Tom Thomson, The West Wind
Thomas John ‘Tom’ Thomson (August 5, 1877 – July 8, 1917) is often regarded as one of the most influential Canadian artists of the early 20th century. Having directly influenced the painters that would become known as the Group of Seven, Thomson is known for his art nouveau-inspired depictions of Canadian landscapes. Thomson’s status as a Canadian legend was furthered by the mysterious circumstances which surrounded his death on Canoe Lake in Algonquin Park. His iconic painting The West Wind, believed to be his last canvas, was found on an easel in his Toronto studio following his death in 1917. On the 50th anniversary of Thomson’s passing, the Canadian government honoured him with a series of stamps portraying his paintings, including The West Wind. The AGO is known for their premier collection of Canadian art, which includes the Thomson Collection of Canadian Art. Kenneth Thomson, a Canadian businessman and art collector who was the richest person in Canada at the time of his death, donated his collection to the AGO in 2006.
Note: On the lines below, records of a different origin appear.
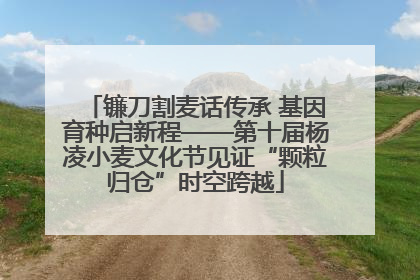 镰刀割麦话传承 基因育种启新程——第十届杨凌小麦文化节见证“颗粒归仓”时空跨越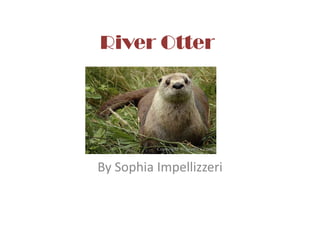 River Otter  By Sophia Impellizzeri 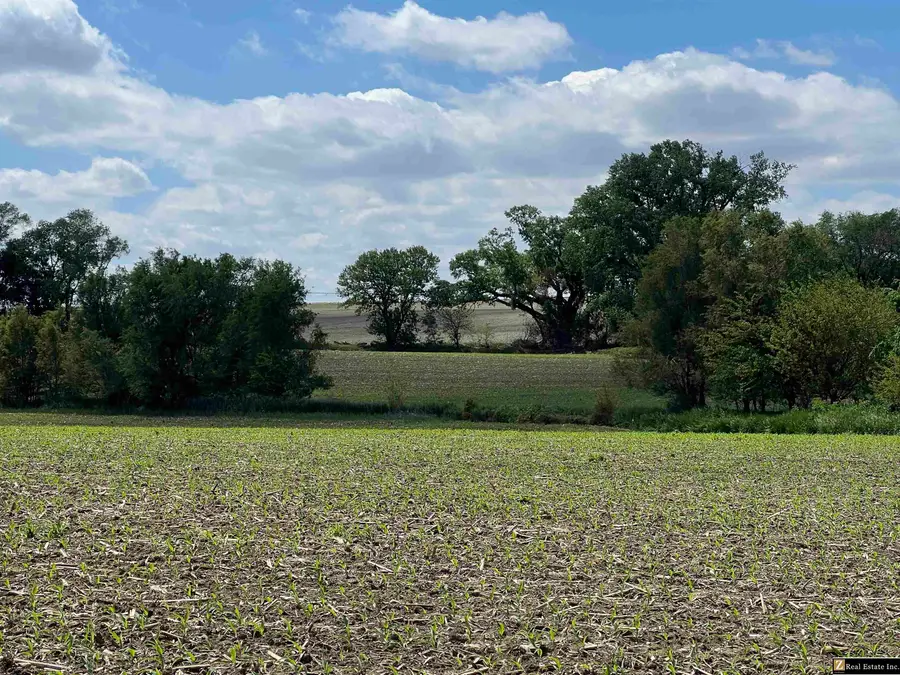 Parcel 4 Spring Saunders County Acreages County Road, Yutan, NE 68073-5023 - Image #2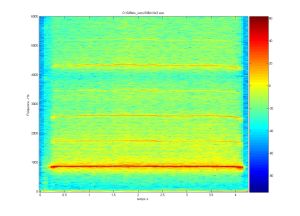 Spectrogramme du sifflet n° 3. © PHASE, Université de Toulouse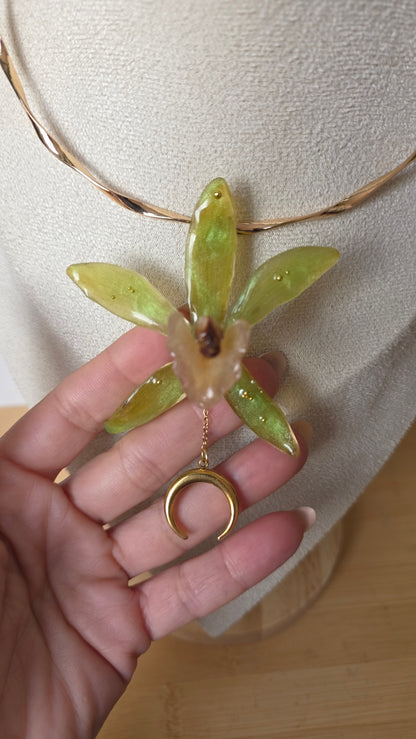 Choker orquidea Cymbidium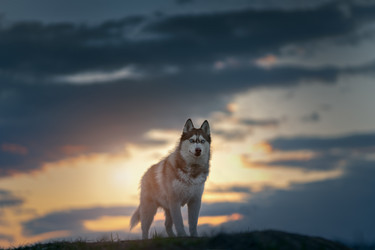 Similar image 21270050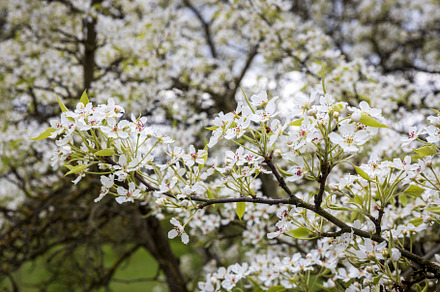 White pear blossoms blooming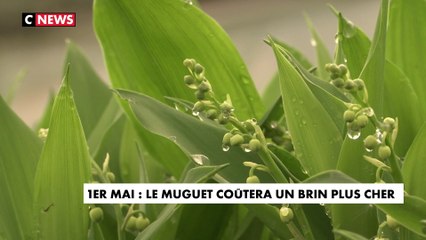 Le prix du muguet en hausse cette année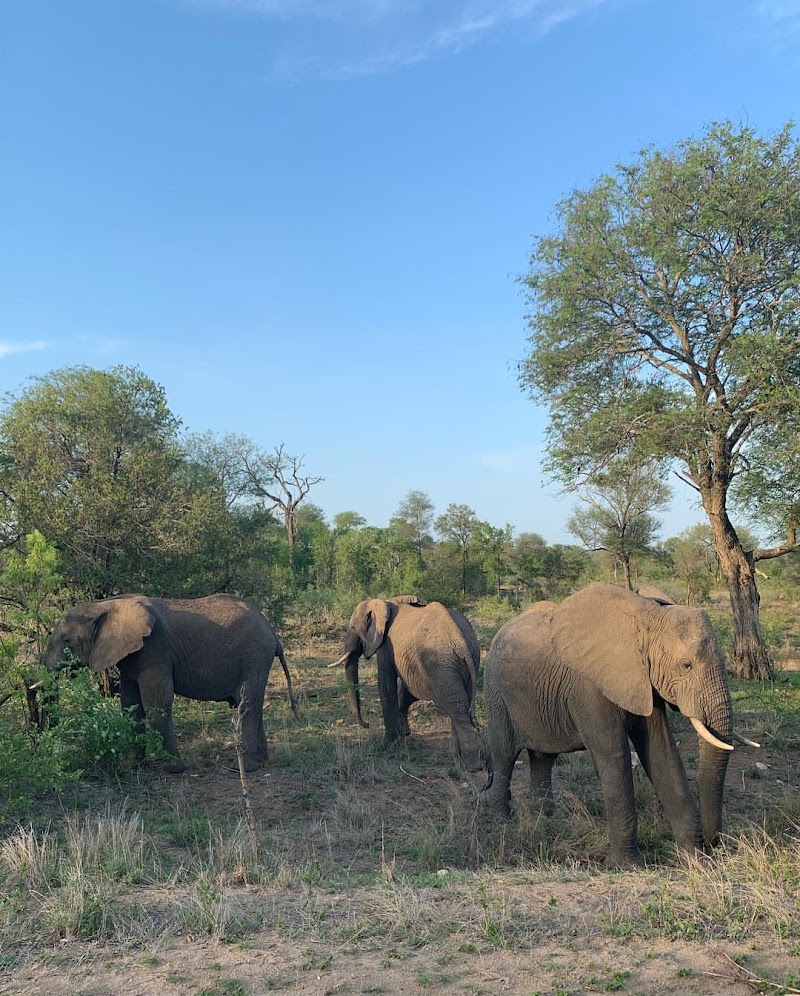 Photo 3 at Kruger National Park in 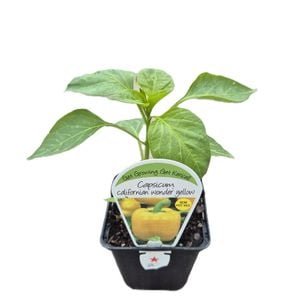 9cm Capsicum Californian Wonder Yellow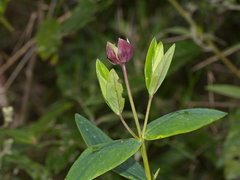 Pimelea ligustrina ligustrina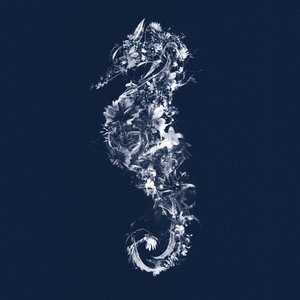 Floralseahorse, 2019 by Teis Albers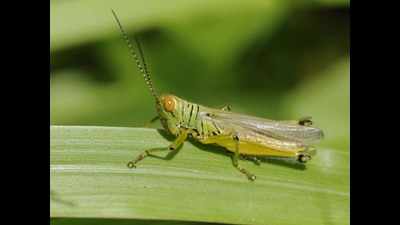 Grasshoppers seen in Tamil Nadu, not locusts, says agriculture department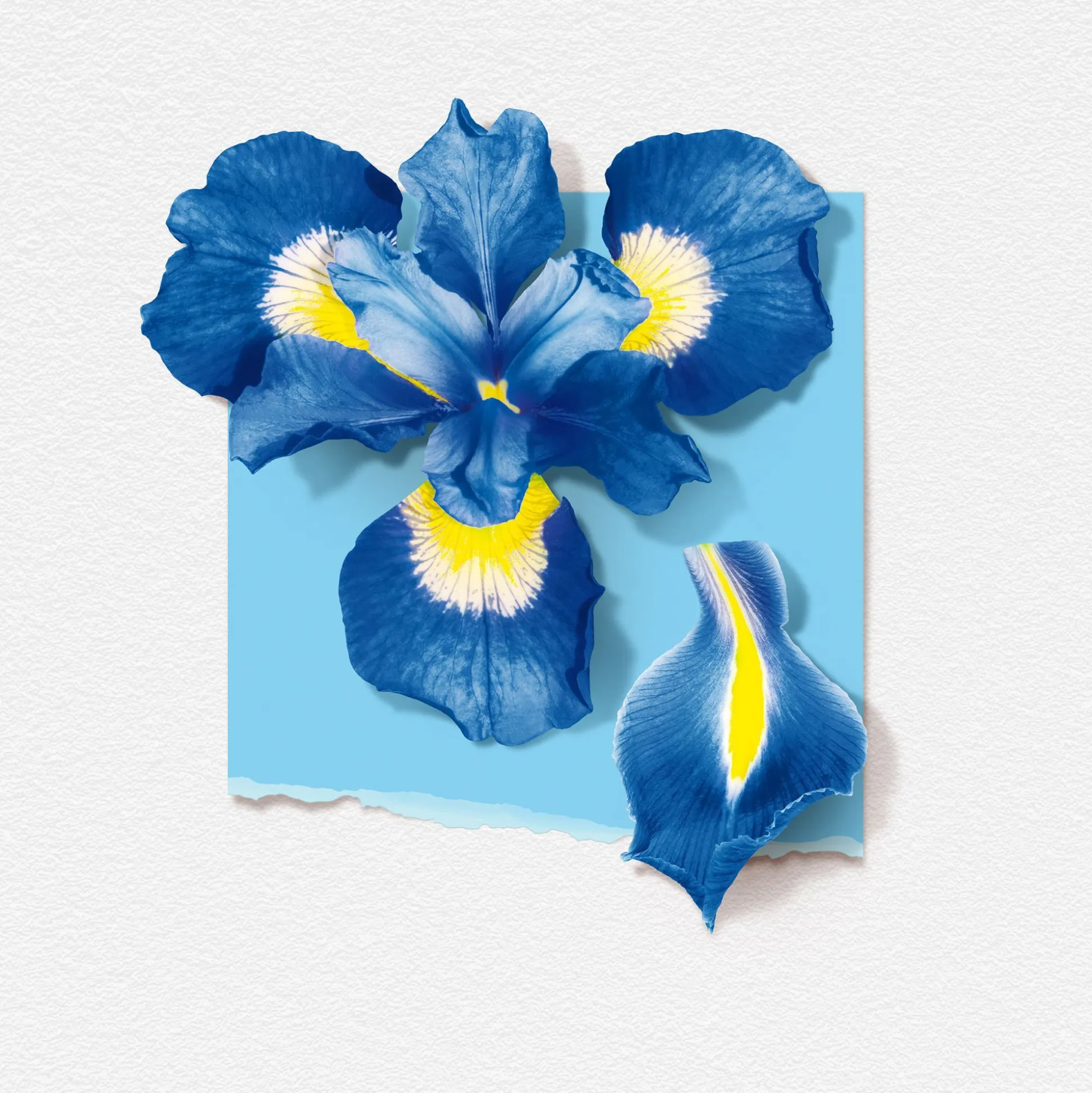 Fleur D'iris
Peter Paul Rubens, Massacre of the Innocents
The AGO’s European Collection includes works that span from the Italian Renaissance to the mid-1900s. The addition of over 1,000 artworks from the Thomson Collection has significantly strengthened the AGO’s collection, particularly small-scale sculptures dating from the Middle Ages to the 1700s. Within the Thomson Collection is the AGO’s star European painting – Peter Paul Rubens’ baroque Massacre of the Innocents (c. 1611-1612). Rubens depicted the biblical Massacre of the Innocents of Bethlehem in two paintings. The first version, which ultimately found its home at the AGO, was painted by Rubens upon return to his native Antwerp in 1611. The painting came up for auction at Sotheby’s in London in 2002; Massacre was ultimately purchased by Kenneth Thomson for £49.5 million, who donated the painting to the AGO. While the AGO underwent renovations and expansion, the painting was loaned to London’s National Gallery before Massacre of the Innocents made its way to Toronto.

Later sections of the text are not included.